Mysteries of CSI and CH

Suley

0
LifeTime Supporter
May 31, 2011
246
Los Angeles, CA
Pool Size
23000
Surface
Plaster
Chlorine
Salt Water Generator
SWG Type
Pentair Intellichlor IC-60
Hello all!

Can someone please explain the relation of CH and CSI? I understand that CH is the calcium hardness in water but the pool calculator results for CSI confuse me when i play with the CH level.

Any help would be appreciated!
 
Simple as I can explain it: Water has a saturation point. There is a finite quantity of whatever that will dissolve in it. We did an experiment once in high school chemistry with a beaker of water and a pile of sugar. Dump in some sugar, stir. Repeat. It gets syruppy and at some point, the water is saturated, any more sugar just sits on the bottom in a pile, undissolved. Then by heating, a lot of that pile dissolves. Because temperature affects the Ksp. That's shorthand for solubility product constant.

Now, there is also a Ksp for Calcium. You can dissolve so much into the water and at some point, it won't absorb any more. Tinkering with pH and temperature may get it to dissolve more. Likewise, tinkering the other way will cause a clear solution to start precipitating calcium. Cloudy at first, and then it will settle to the bottom of the beaker.

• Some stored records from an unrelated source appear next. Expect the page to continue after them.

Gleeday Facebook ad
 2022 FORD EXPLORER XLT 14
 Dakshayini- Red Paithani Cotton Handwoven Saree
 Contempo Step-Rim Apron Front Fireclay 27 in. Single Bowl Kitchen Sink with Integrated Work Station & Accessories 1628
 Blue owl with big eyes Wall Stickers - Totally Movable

Move to the real world - your pool. Depending on temperature, pH, TA, and a few other variables, Calcium will stay in solution (dissolved) or precipitate out - start crystallizing on the walls, in the plumbing, the ladder, whatever. We call it scaling. The CSI predicts which way it will go.

Positive CSI risks scaling. Negative CSI means it will start leaching Calcium out of the plaster walls, etching them and weakening it. Keeping CSI +/- 0.6 means that neither scenario is likely. I can say from personal experience that when CSI gets around -.6, it does dissolve Calcium. Fast enough to see a difference in a week. I've been slowly descaling my pool that way for roughly the past year.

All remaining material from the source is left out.